The TSLA Market / Economy

I don’t think I could be in the same room as this guy for 5 seconds

Yesterday I drove into a Chevron station in downtown Portland and regular would’ve cost $6.38/gallon if I paid with a non-Chevron credit card, can anyone beat that? I just drove away and one block away an Astro station was $1 cheaper/gallon. AAA’s national average today is $3.83/gallon. I have no idea what is going on w/ POR gas prices, seems like nonsense.

Saw a friend complaining about $6.49 in the Bay.

1 Like

Electricity in NH has doubled over the past couple of months. Like literally doubled lol. Has that happened anywhere else is in the US?

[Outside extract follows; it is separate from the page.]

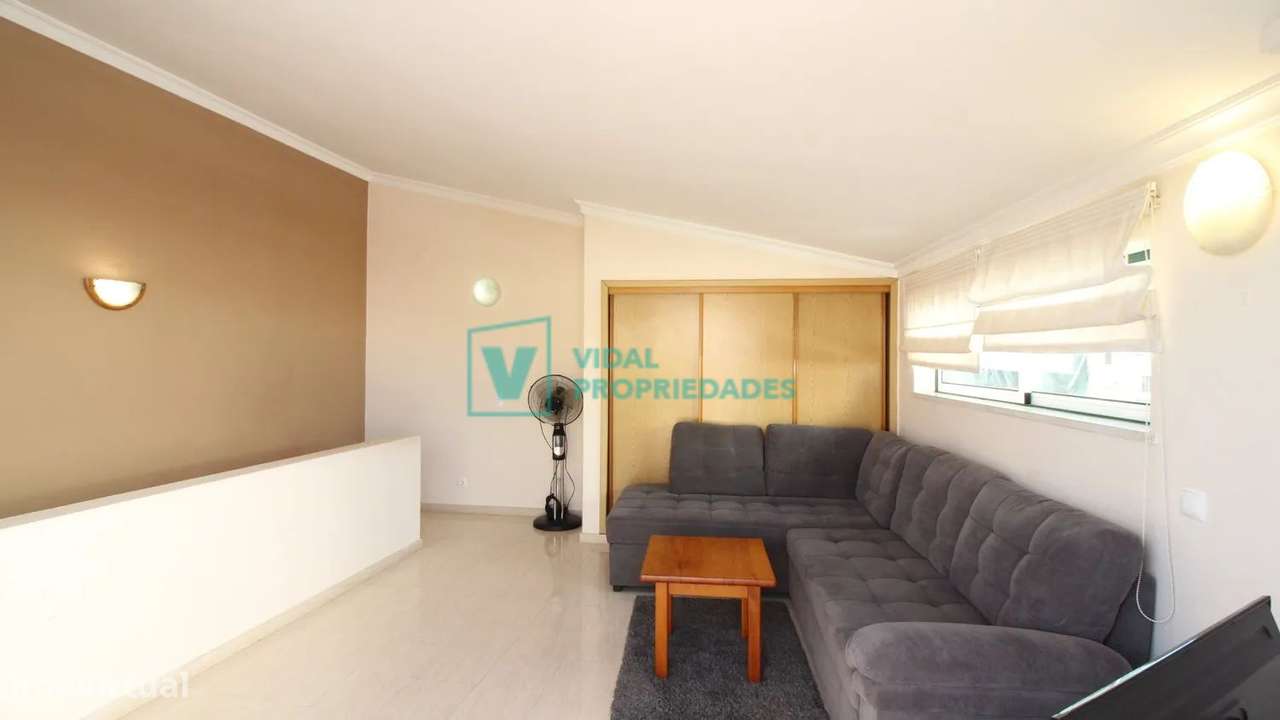 Moradia T2 com Terraço e Vista em centro de Lagos-13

I’ve been getting apologetic notifications from the electric company about rate increases. Thankfully the bill is autopay, because I’m afraid to look at it.

2 Likes
1 Like

Giving everyone money in response to inflation seems like ill advised solution

8 Likes

Some definite the Fed beatings will continue until morale improves job numbers so we’ll see where the market goes today.

1 Like

stanks :chart_with_downwards_trend:

Holy not stonks. Jesus

Can’t take it any more moved my future 401k to much lower risk i.e. one that’s only down 12% this year as opposed to 18%

Paper hands!

4 Likes

Why not keep pumping it in when it’s down? We’re all fucked anyway if we get the Japan scenario. (I wouldn’t be, but it will blow up public worker pensions and blow up anybody carrying or holding debt and we will all get taken down in the wash.)

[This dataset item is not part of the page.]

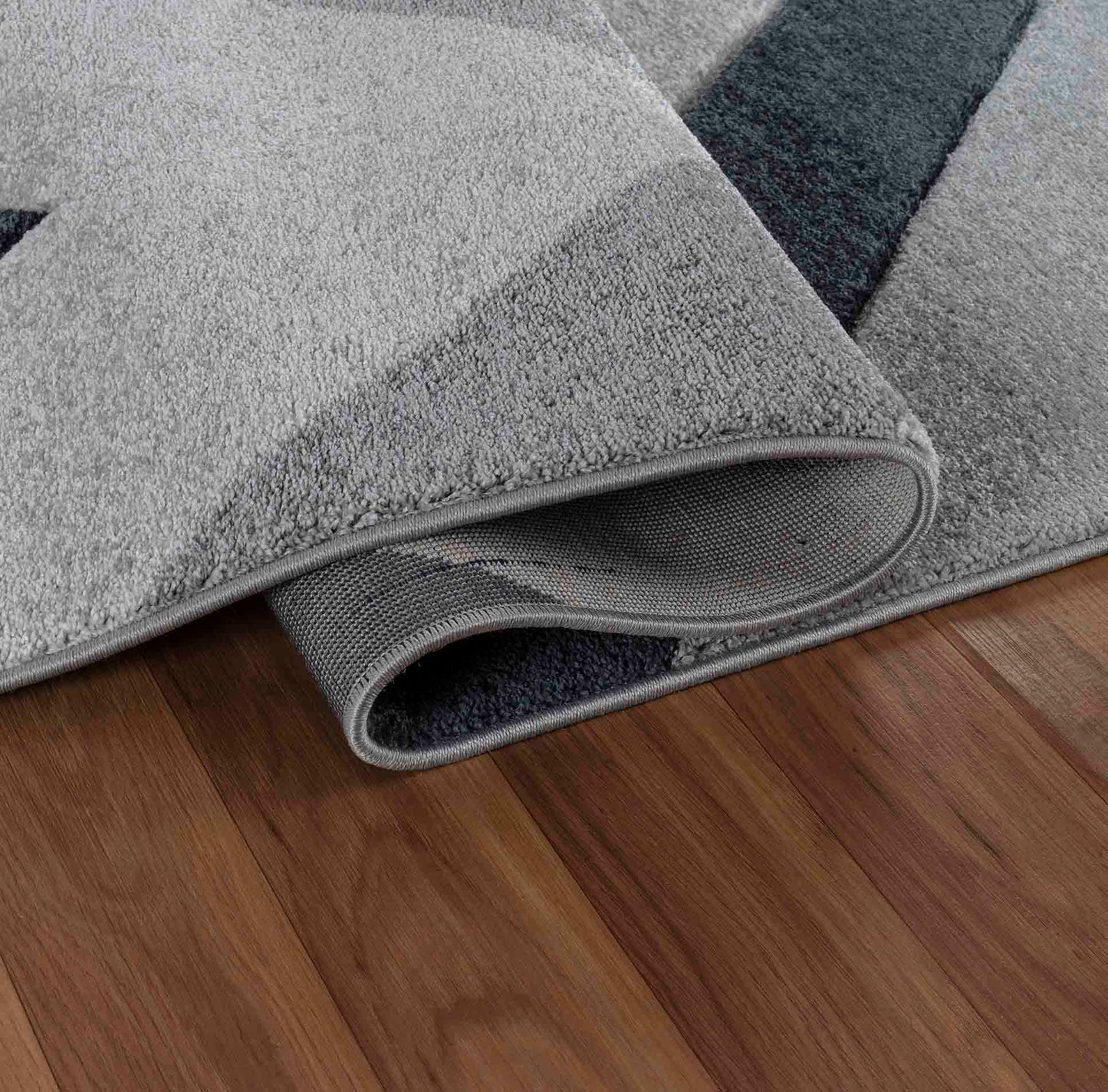 Valencia Zig Zag Caved Rug - Black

I’m just throwing darts like all of you =/ its still mostly same BS stonks that are crushed this year anyways

where are you seeing these funds that are outperforming the market by 6/12%? i need to look into that

1 Like

krugman laying it out pretty thick. maybe the fed is to blame.

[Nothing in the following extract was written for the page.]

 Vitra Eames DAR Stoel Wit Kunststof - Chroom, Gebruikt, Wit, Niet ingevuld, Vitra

For example, a new report shows that unfilled job offerings fell sharply in August. Why is this important? Many economists — especially economists who have been warning about persistent inflation — argue that the tightness of the labor market is better measured by the ratio of job vacancies to unemployment than by the unemployment rate itself. But this ratio, while still elevated, has already dropped substantially; as Goldman Sachs puts it, almost half of the gap between jobs and workers has been eliminated over the past few months.

Another new report shows that demand for apartments has stalled, which will eventually translate into a decline in rent growth — which basically drives official estimates of the cost of shelter, a key component of most measures of underlying inflation.

Oh, and remember all those supply-chain problems that disrupted the economy and raised inflation some months back? Well, the cost of shipping a container across the Pacific, which was $20,586 in September 2021, is now $2,265.

I’d argue that these indicators tell us that the Fed has already done enough to ensure a big decline in inflation — but also, all too possibly, a recession.

Am I completely sure about this? No, of course not. But policy always involves a trade-off between risks. And the risk that the Fed is doing too little seems to be rapidly receding, while the risk that it’s doing too much is rising.

He probably just meant a fund which has a high allocation to bonds relative to stocks.

Not sure what a ‘future 401k’ is, but this sounds like a mistake.

1 Like

Future contributions to my 401k.

I looked at my performance for this year vs last year and I’m down like 2k and was like “oh that’s not bad”. Then I realized that’s counting the almost 20k I’ve put in this year. :expressionless:

Ok. Assuming you are in low-cost, passive funds, then your performance is just a consequence of asset allocation. You would do well to decide what your ideal asset allocation is and stick with it, and not react to volatility.